The Source for Java Technology Collaboration
User: Password:



Stuart Sim

Stuart Sim's Blog

SAKAI - Open Source LMS or Developer Framework?

Posted by simstu on September 10, 2004 at 12:09 PM | Comments (4)

SAKAI Release Candidate 2

It's not fair to evaluate the current release candidate against the goals of the SAKAI program. It is widely accepted that these aims will not be realized until version 2.0 in the spring/summer of next year. The current release is a snapshot of the code base that will be deployed at the leading SAKAI contributing universities. This fact alone is a testament to the practical and real world applicability of the solution.

The community is tired of frameworks that have not be tested on the real world and the SAKAI program should be commended for their dual track of defining an open framework for educational tools and delivering a production system to prove its viability.

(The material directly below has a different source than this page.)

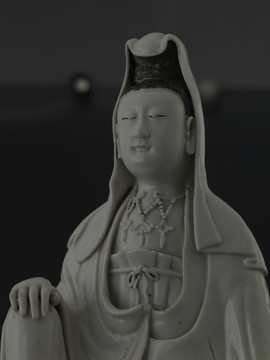清乾隆唐英敬制款白釉觀音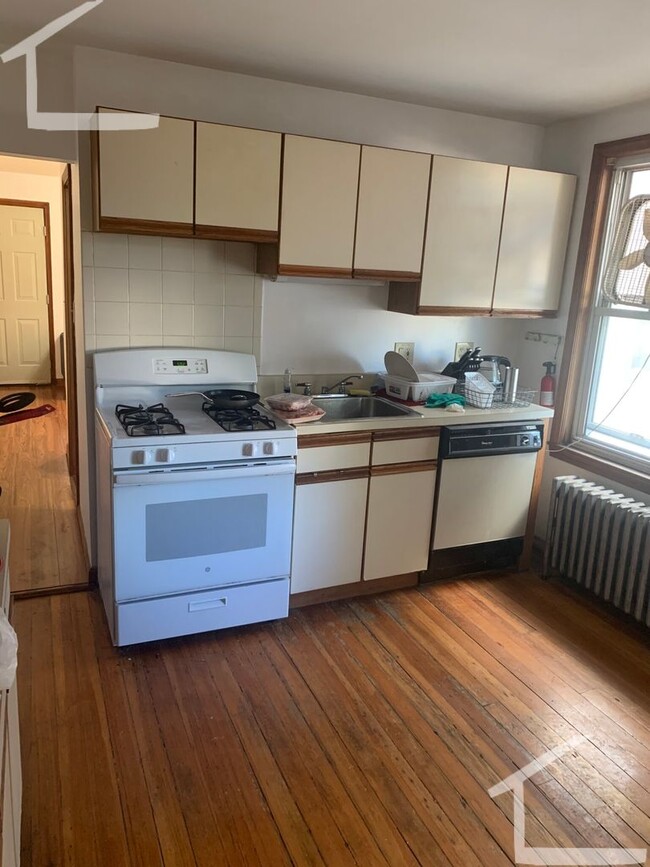 Building Photo - HOT BRIGHTON LISTING!!!!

The problem is that the ‘open framework’ is already showing signs of the real world constraints it inherited for deployment. In every software project, the challenges of interoperability and deployment are at odds and compromises have to be made.

Much of the constraints inherited from both Chef (open source collaboration tool) and uPortal (open source portal) are evident in the current code snapshot and it will take some time and effort to unwind them.

SAKAI uses the Spring Framework to define the loose coupling between components in the framework. The use of Spring and similar lightweight containers is a good approach for loose binding components without the need for a full J2EE container. What is not clear is the value the SAKAI framework would provide over an above Spring itself. Spring is a development framework and, it it’s current state, so is SAKAI.

Working towards two separate but connected goals in parallel is no easy task. Thats before you add software.

Lets hope those waiting outside expectantly (myself included) give the team enough breathing room to define the information models and business tier that will allow us to plug in our own teaching and collaboration tools.


Bookmark blog post: del.icio.us del.icio.us Digg Digg DZone DZone Furl Furl Reddit Reddit
Comments
Comments are listed in date ascending order (oldest first) | Post Comment

  • Where is the documentation?
    For being a $6.8m project, i'd appreciate some documentation. Where are the requirements? Are they just producing code with no goal?

    And what is a "Cover" as they are refering to in the javadocs. "DiscussionService is a static Cover for the DiscussionService; see that interface for usage details". Is it a facade? Will we ever know?

    Posted by: steez on September 11, 2004 at 08:01 AM

  • OpenUSS and FSL: Open Source LMS & LCS
    A J2EE and J2SE component-based and Open Source LMS and LCS is already available:

    OpenUSS and FSL:
    http://openuss.sourceforge.net
    http://sourceforge.net/projects/openuss

    OpenUSS User Community:
    http://openuss.sourceforge.net/openuss/user/user.html
    There are a lot of articles from the community page.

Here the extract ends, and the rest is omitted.